Commissioning can present various technical, operational, and logistical challenges. Here are 20 general challenges that can arise during the commissioning process:

❌ Clear Brief: On some projects, if the clients are not used to the early deployment of commissioning activities, a clear brief can sometimes be hard to come by, creating confusion and reworking.

❌ Clear Commissioning Scope: A detailed commissioning scope is essential. Without it, General Contractors may not deliver commissioning aligned with expectations.

❌ Late Employment of the CxA: The Commissioning Agent should be onboard at the Pre-Design Stage to provide advice and instructions on the commissioning. Late involvement can usually have significant impacts.

❌ Stakeholder Collaboration: Effective communication and collaboration among design, construction, and operational teams is crucial.

❌ Lack of Standardization: Differing protocols, standards, and processes between the data center developers and end users can sometimes create confusion and hinder efficient commissioning.

❌ Budget Constraints: Balancing commissioning costs with project budget constraints can pose financial challenges.

❌ Scope Creep: Expanding the commissioning scope beyond the initial plan can complicate the process or if people change their minds on requirements late.

❌ Changing User Needs: User requirements may evolve during the project programme, necessitating system adjustments and updates.

❌ Timeline Pressures: Meeting commissioning deadlines while maintaining quality can be demanding, especially if the construction programme overruns.

❌ Not Ordering Equipment on Time: Delays in ordering equipment can disrupt the overall program timeline, impacting commissioning activities.
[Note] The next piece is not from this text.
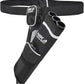 Archery Arrow Quiver Holder, 3-Tubes Hip Quiver Arrow Bag with Adjustable Belt for Youth & Adults Arrows Hunting Target Practicing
❌ Availability of Temporary Tools, Equipment, and Instruments: Adequate availability and readiness of temporary tools, equipment, and instruments for testing can significantly impact the efficiency and accuracy of the commissioning process.

❌ Resource Allocation: Efficiently allocating personnel, equipment, and resources for testing and validation can be challenging.

❌ Vendor Coordination: Coordinating with multiple vendors and suppliers to align systems can be complex.

❌ Complex System Integration: Coordinating multiple building systems and ensuring seamless integration can be complex and time-consuming.

❌ Interoperability Issues: Ensuring different systems communicate effectively and share data without complications can be challenging.

❌ Design vs. Reality Discrepancies: Discrepancies between design intent and actual implementation/operation can impact system performance.

❌ Documentation Management: We still love paper; properly organizing and maintaining extensive documentation can be overwhelming, especially on large projects.

❌ Performance Validation: Ensuring systems perform as intended under various scenarios requires rigorous testing; an unrealistic programme can hinder this.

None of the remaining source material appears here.